The workflow graph is serialized and sent to the control plane to be executed. The definitions for the graph model are defined using protobuf and can be
found within the
pkg/adagio Go package in this project.
Each node (vertex) in the graph can be thought of as a single function call. The function has a signature defined within the specification of a node along
with arguments encoded as metadata.
Alongside this; a node can be further defined with automatic recovery instructions in the form of a number of retries for a specific error or failure condition. This allows for recovery to be performed automatically by the agents deployed.
What is a node?
graph LR; a(("f(args)")); b(("...")); a --> b; style a fill:#fff, stroke:#000; style b fill:#fff, stroke:#fff;
A node at its core is a specification of work. The node definition contains a type called the node spec as its first property. This node specification contains the function to be called, the metadata associated (arguments) and any retry specifications. Alongside this specification there are some runtime properties which record the result conclusion and output of each execution attempt, the creation and finish times, along with any inputs fed in from dependent nodes.
What is an agent?
An agent is a single thread of execution which attempts to claim, execute and report on a single node at a time.

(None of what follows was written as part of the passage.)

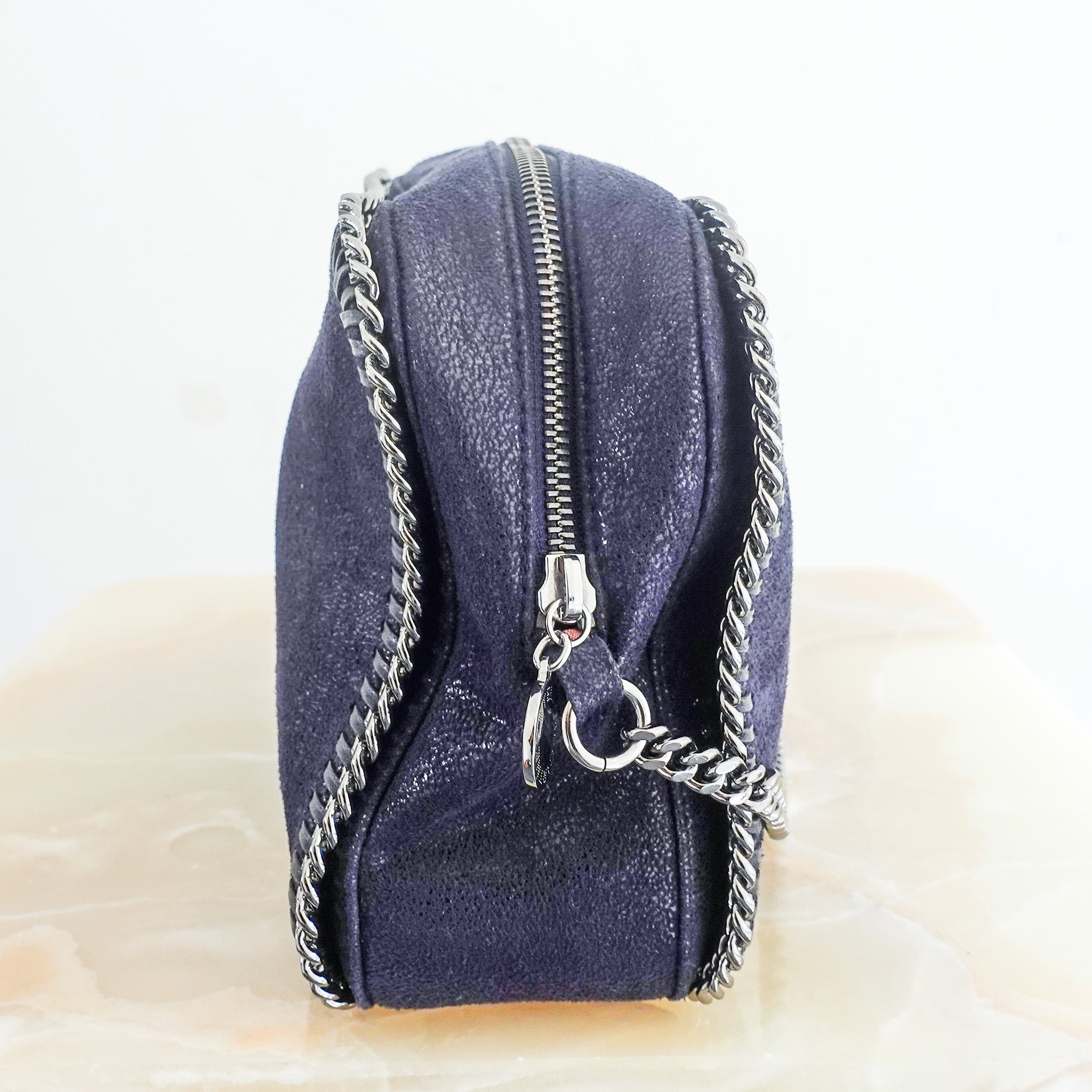Stella-McCartney-Navy-Falabella-Mini-Camera-Bag-side-picture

One process could spawn multiple agents e.g. in separate go routines. This can be achieved using the
an agent count of two or more.
When a workflow is instantiated (started) it becomes known as a run. Workers are notified of the nodes within the workflow run. In particular, they are notified of the ready nodes. Initially these are the nodes within the graph with no inbound edges.
graph LR; a(("ready")); b(("ready")); c(("not ready")); a --> c; b --> c; style a fill:#fff, stroke:#000; style b fill:#fff, stroke:#000; style c fill:#fff, stroke:#000;
A node becomes ready once all nodes which feed into it are completed with a successful conclusion. Agents consume nodes, not workflow runs. This allows for execution of a workflow to be distributed across multiple agents.
An agent will only claim nodes which it can execute. This is decided based on the nodes specification runtime property. If the agent has a function definition associated for the runtime it can execute it. Given this is the case it attempts to make a claim.
Only one agent can successfully make a claim for a node. This is how we ensure nodes are executed by only one worker at a time. Once the work has been performed the result is recorded, the graph state is updated in the database and any newly ready nodes are communicated with listening agents.
When an agent holds a claim on a node it must reported back a heartbeat while it performs execution.
A failure to do so will cause all agents to be notified of an orphaned node. An orphaned node will
be reclaimed by another agent and the result of execution be recorded as an error.
Given the node specifies a number of retries on the
error condition the node may be moved back into the
ready state to be claimed again. This is how fail-over can be configured in the event an agent becomes “unhealthy”.
We recommend functions be idempotent in order to be retried safely.
Agents are built to facilitate your workflow needs and are the concern of operators and function providers.
Control Plane API
What is the control plane API?
The control plane is the entry point to get work done. It exposes a number of API actions to instantiate (start) workflows as runs, list existing runs in the system, list available agents (for introspection purposes), inspect individual runs or just to get high level statistics on the overall counts of runs, nodes and their states within the cluster.
The control plane API is designed to serve your cluster consumers who need to execute workflows. It needs to be operated, but is intended to be simple to deploy and monitor.